LG, despite being the third largest OEM in the world, has offered a fairly limited smartphone portfolio in recent years, a factor that resulted in the company reaching less than a three percent share of the total smartphone market in 2010.

However, Nokia’s fall surprised even the most seasoned watchers and is unheard of in this industry. Nokia, the Finnish phone giant, lost 16 percentage points of its smartphone market share, going from a 40 percent share last year to 24 percent in the first quarter of 2010. They shipped 16.74 million smartphones in the June quarter – a 34 percent annual decline – versus Apple’s 20.34 million units – a 134 percent annual increase.
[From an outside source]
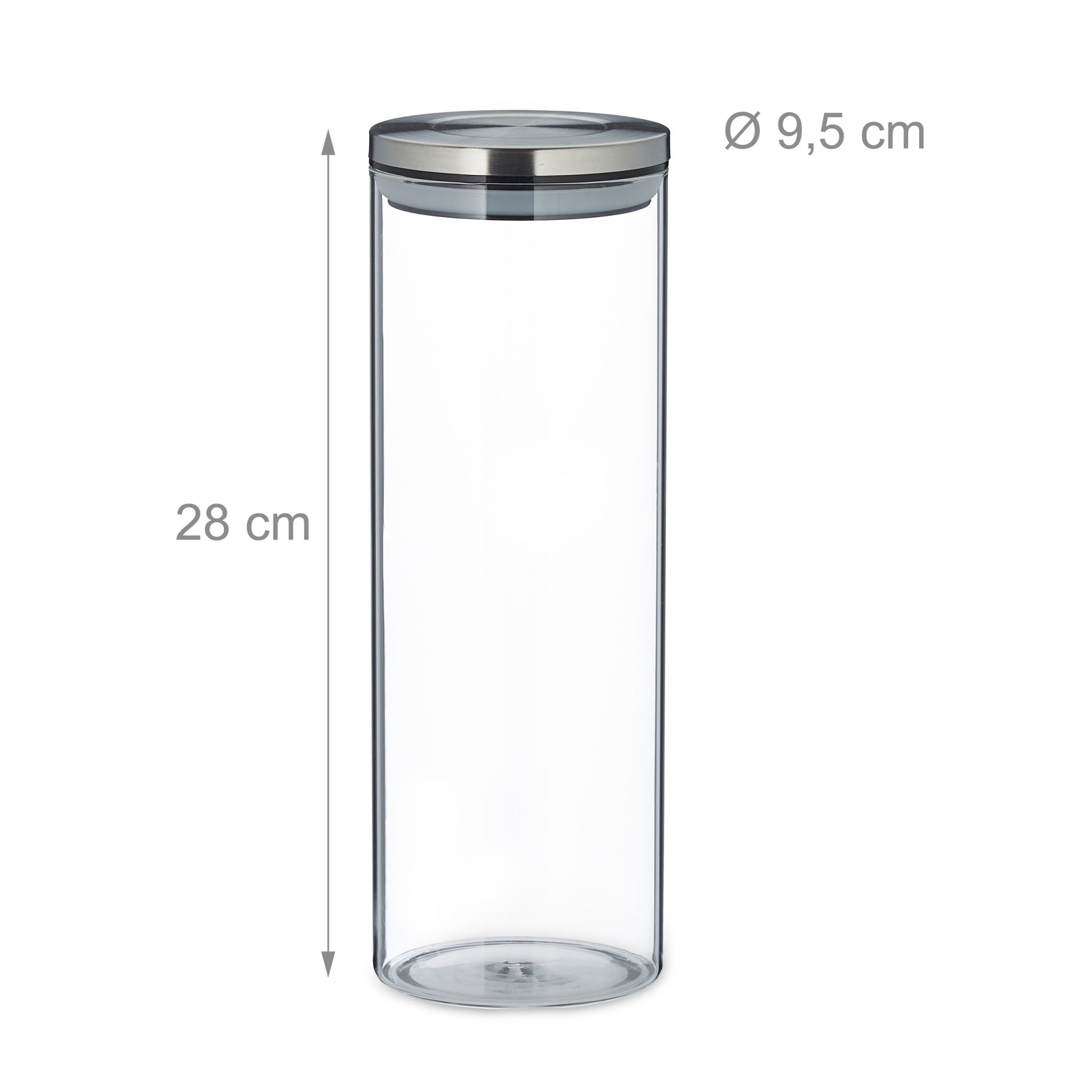 Vorratsglas 3er-Set 1,6L Silber-Transparent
Nokia also killed Symbian and is only shipping the well-received but short-lived MeeGo-powered N9 to select markets. Here’s how the analyst described Nokia’s problem:

Clearly one of the key dynamics of the mobile handset competitive environment in recent years has been the inability of many traditional market leaders to recognize and adjust to the growing smartphone tier. The reasons for these failures vary and include everything from poorly designed and manufactured devices, unsatisfactory user interfaces, and portfolios that don’t offer products with a differentiating feature. These lapses have created opportunities for newer entrants to the market, which they have aggressively pursued.

Research In Motion fell from 20 percent to 15 percent in the same period, mind you. IMS sees one billion smartphones by 2016 as average selling prices drop and vendors release more inexpensive handsets. Smartphones then will account for one of every two mobile handsets sold, the research firm concludes.